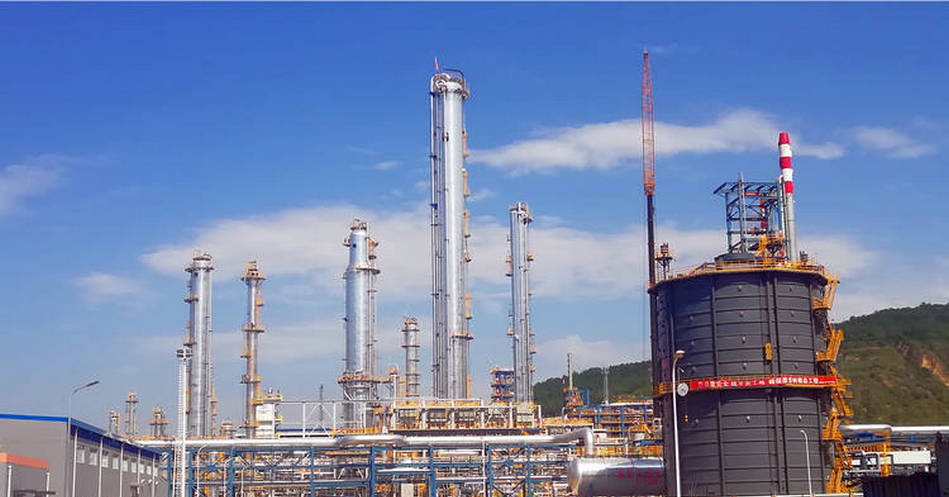 mg冰球突破·豪华版(试玩)官方网站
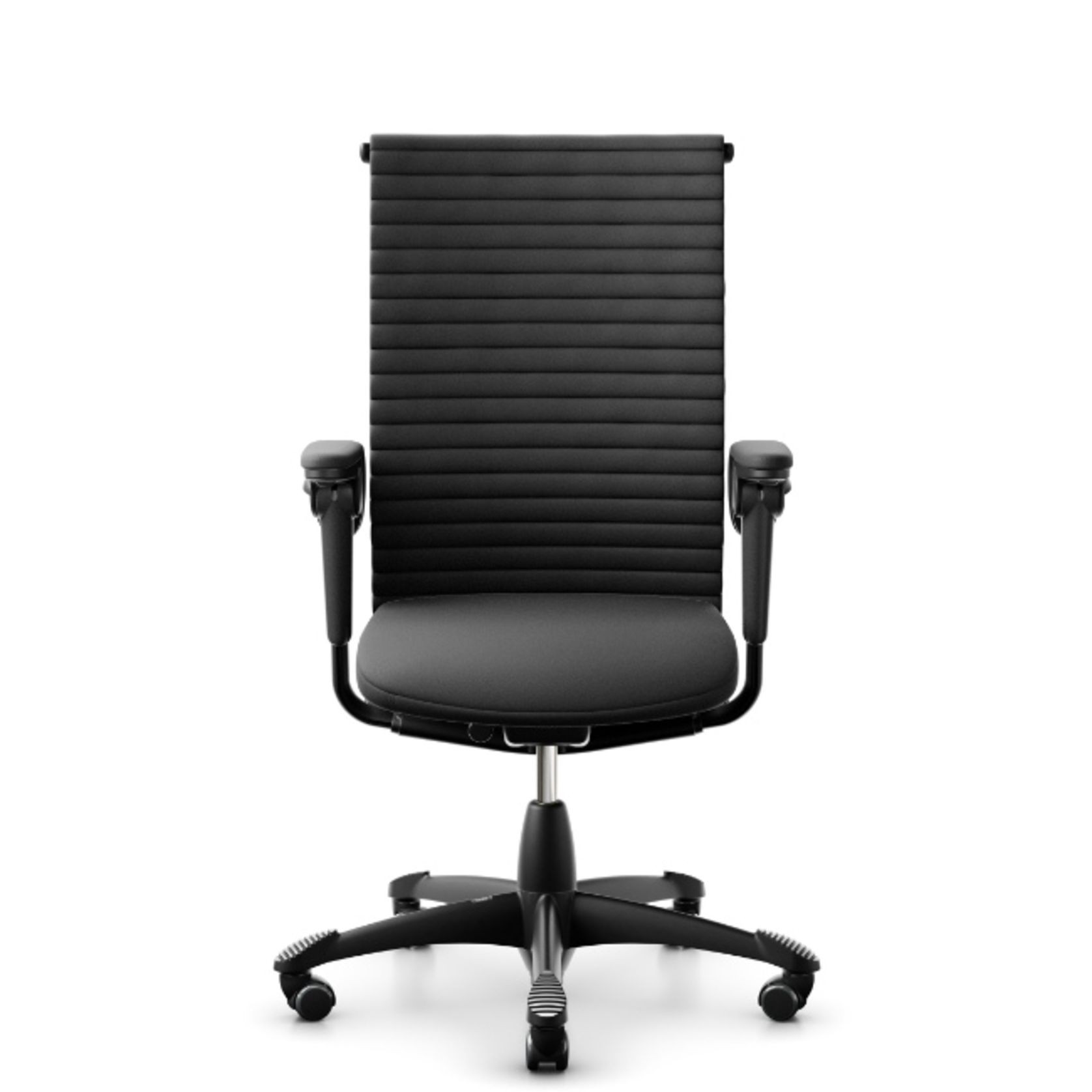 HÅG Excellence gallery detail image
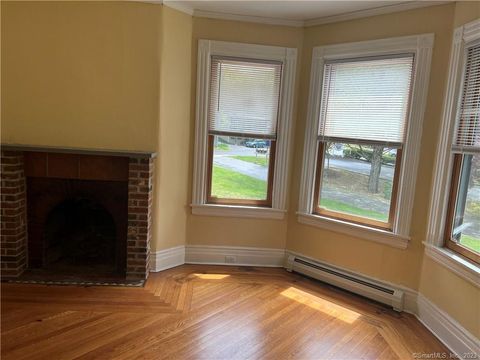 Tiny photo for 15 Pleasant View Street, Griswold, CT 06351 (MLS # 24147527)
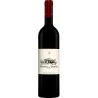 Domaine des Tourelles Rouge Vallée de la Bekaa 2020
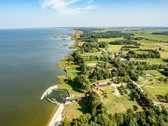 Investicinis sklypas Ventėje – vienoje - nuotraukos Nr. 31
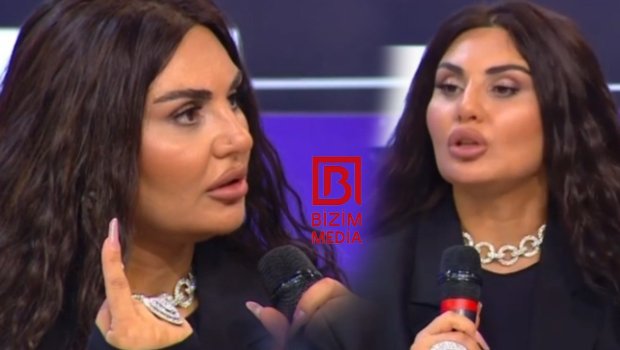 ""Youtube" qazancım bütün müğənnilərin gəlirindən çoxdur"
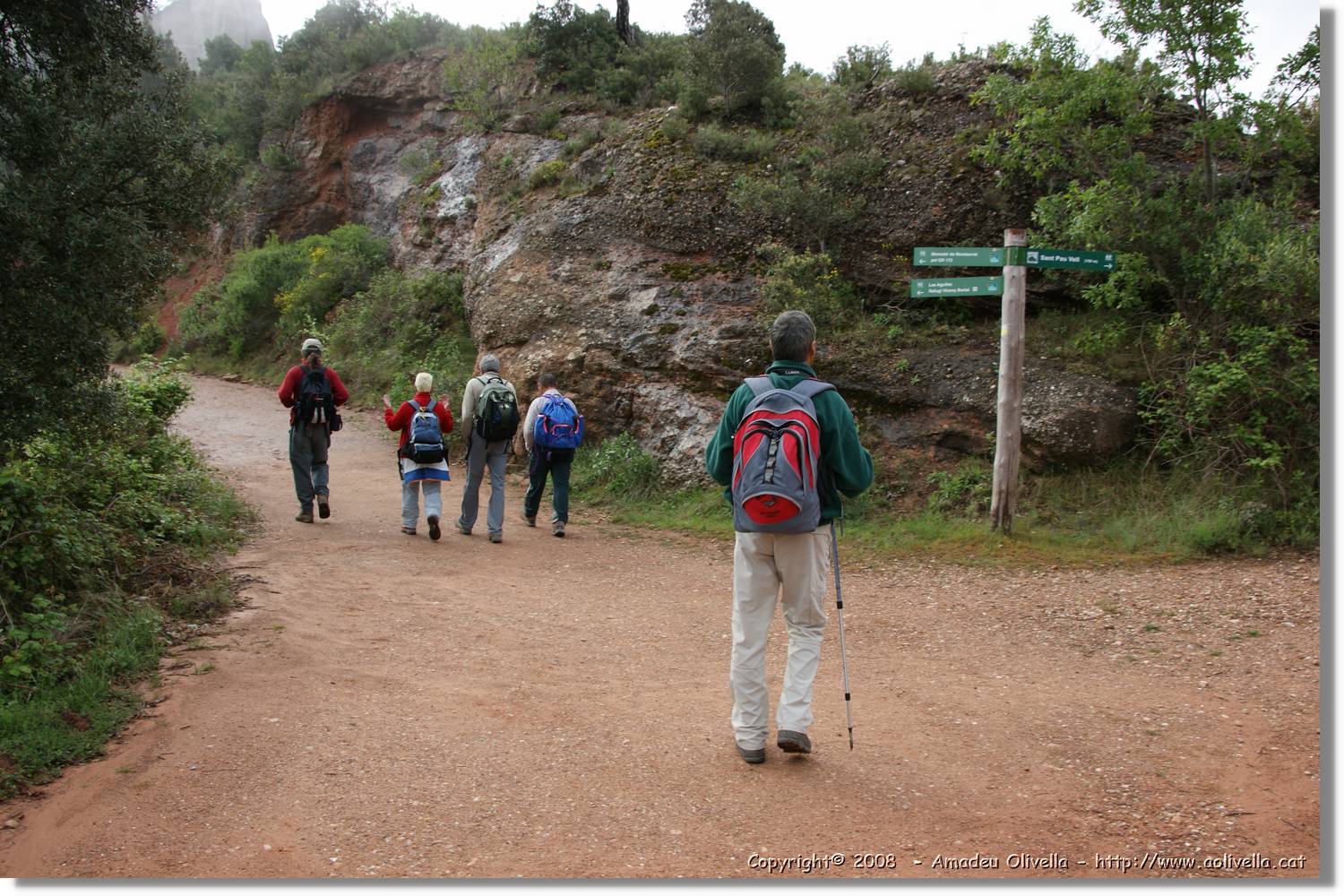 Montserrat_017.jpg
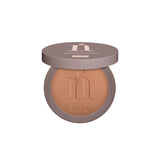 Natural Side Bronzing Powder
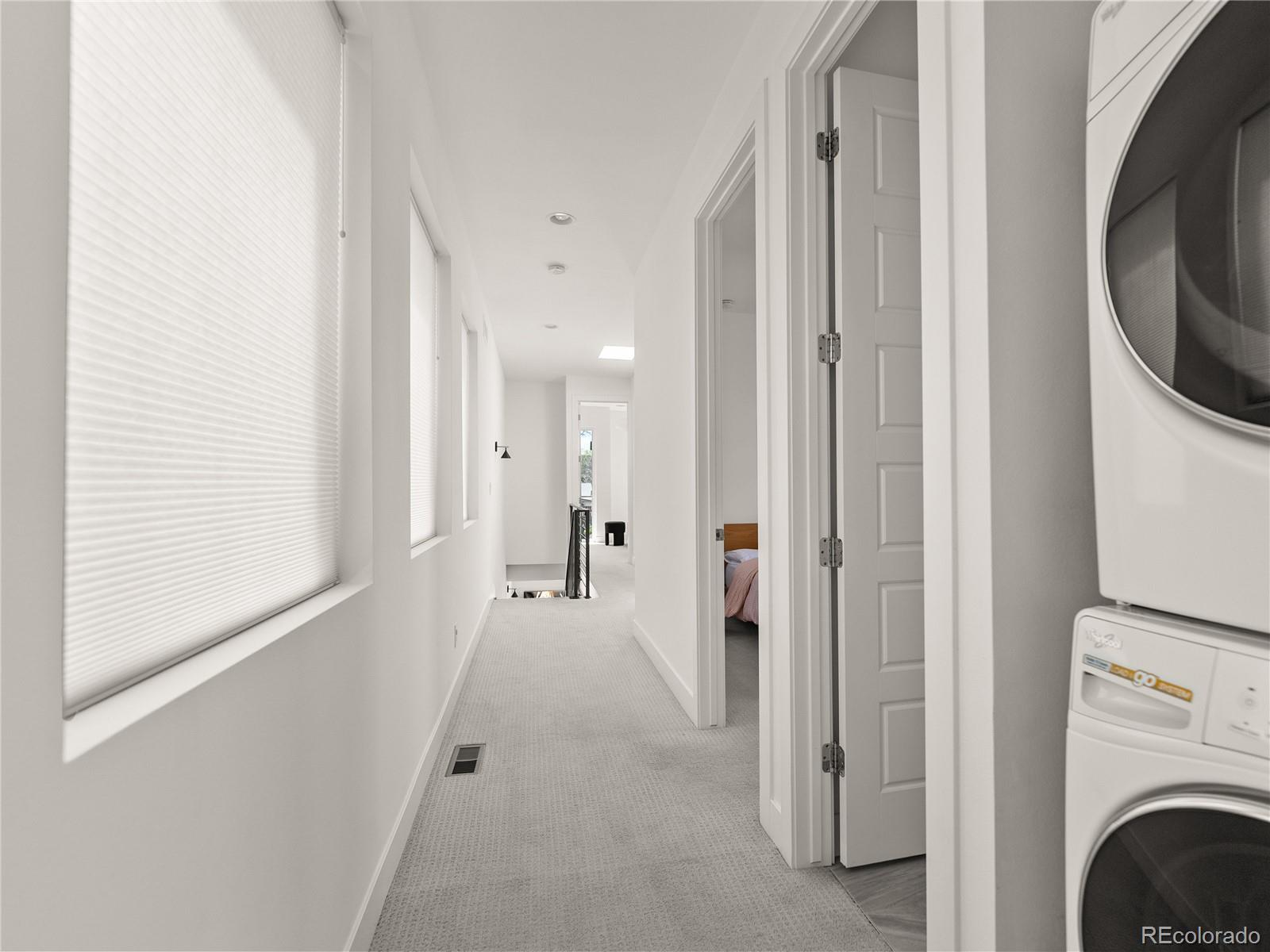 MLS Image #32 for 1833 e jewell avenue,denver, Colorado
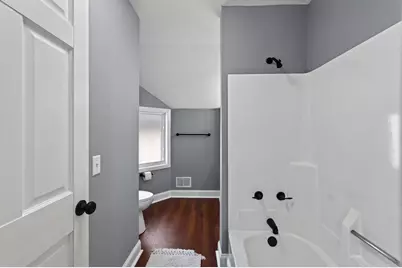 25 Stevens Street E, Saint Paul, MN 55107 - Photo 26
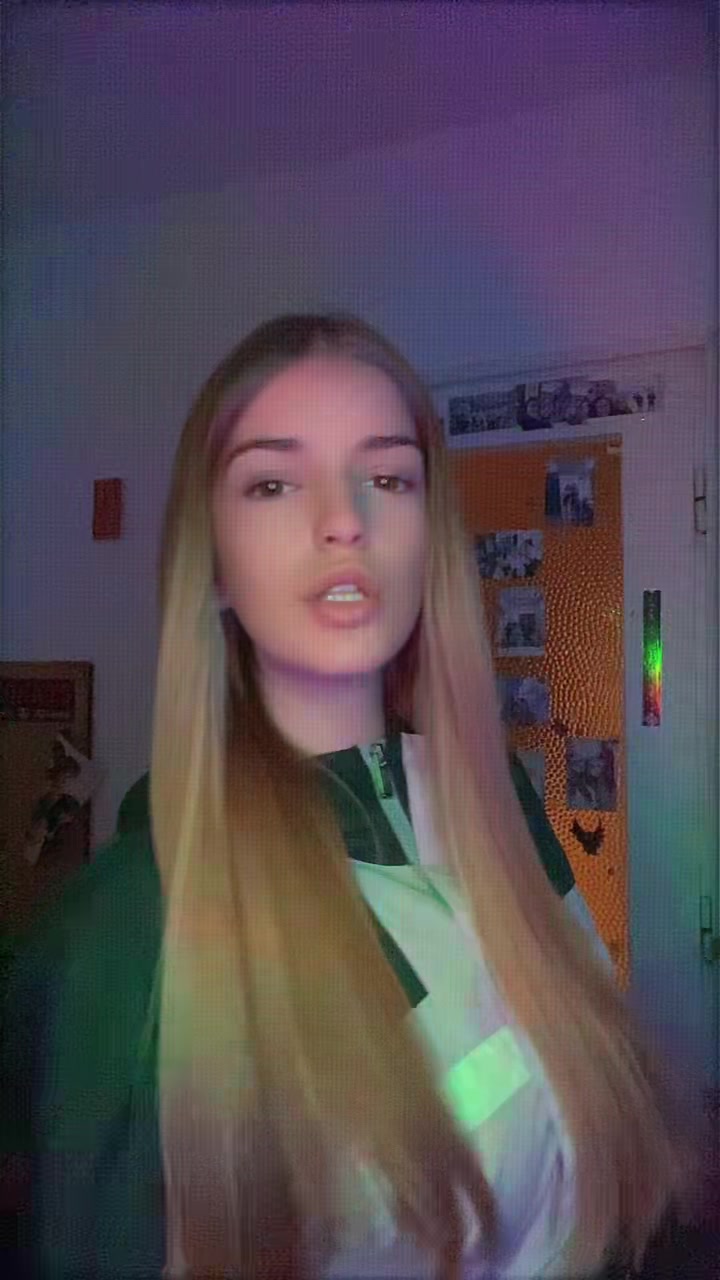 @zvoncica🍒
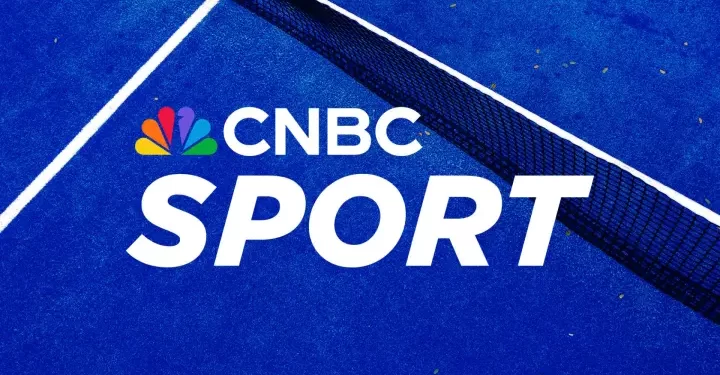 CNBC’s “CNBC Sport: On the Record” to Premiere Saturday, March 29 @ 3PM ET/PT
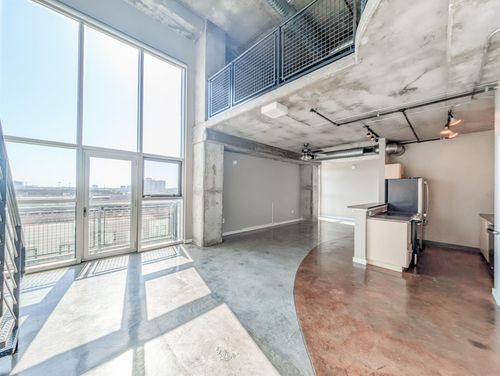 apt-7417-2000 Bagby St, Houston, TX, 77002-8591 | Card Image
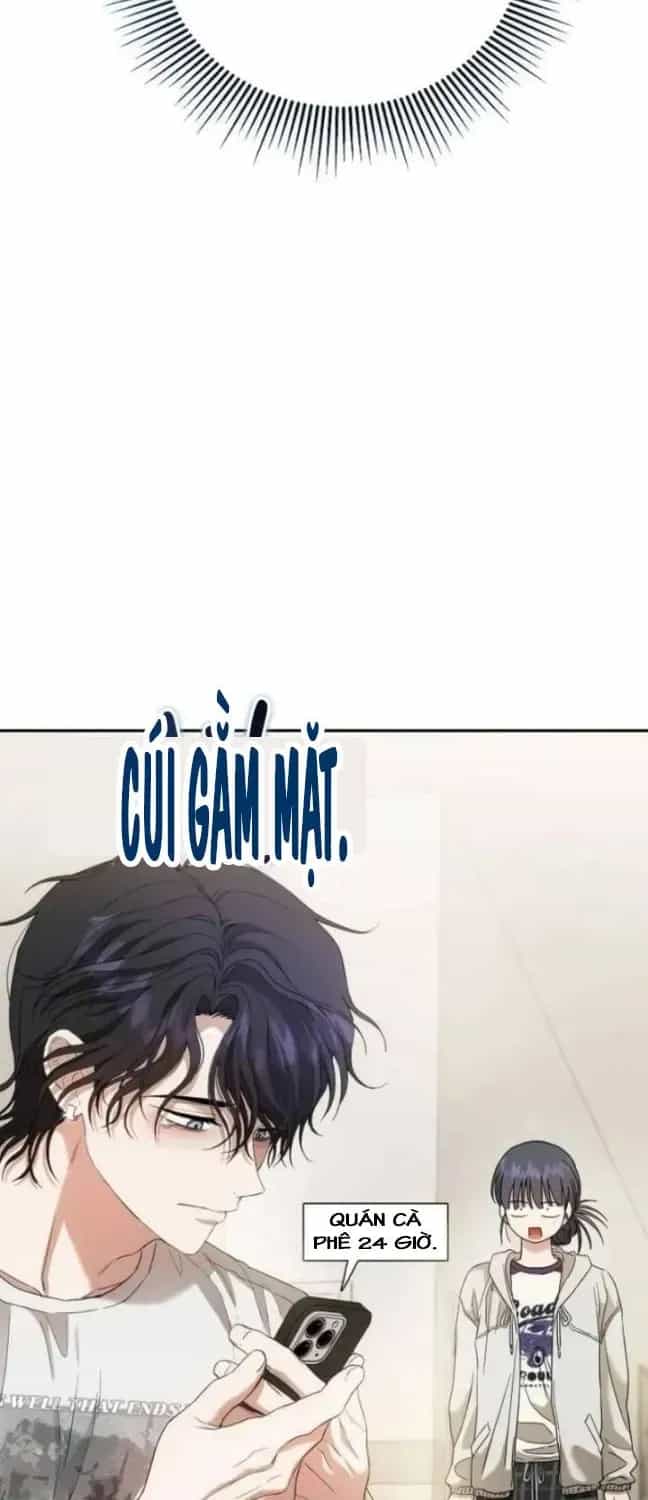 Thuần Túy Bất Lương - Chương 11 - ảnh 50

#### What to do:
Every line from the top of the entries through the line that holds "25 Stevens Street" is to be quoted exactly, please, and nothing else; omit the pictures.

#### Written reply:
 mg冰球突破·豪华版(试玩)官方网站
 HÅG Excellence gallery detail image
 Tiny photo for 15 Pleasant View Street, Griswold, CT 06351 (MLS # 24147527)
 Domaine des Tourelles Rouge Vallée de la Bekaa 2020
 Investicinis sklypas Ventėje – vienoje - nuotraukos Nr. 31
 ""Youtube" qazancım bütün müğənnilərin gəlirindən çoxdur"
 Montserrat_017.jpg
 Natural Side Bronzing Powder
 MLS Image #32 for 1833 e jewell avenue,denver, Colorado
 25 Stevens Street E, Saint Paul, MN 55107 - Photo 26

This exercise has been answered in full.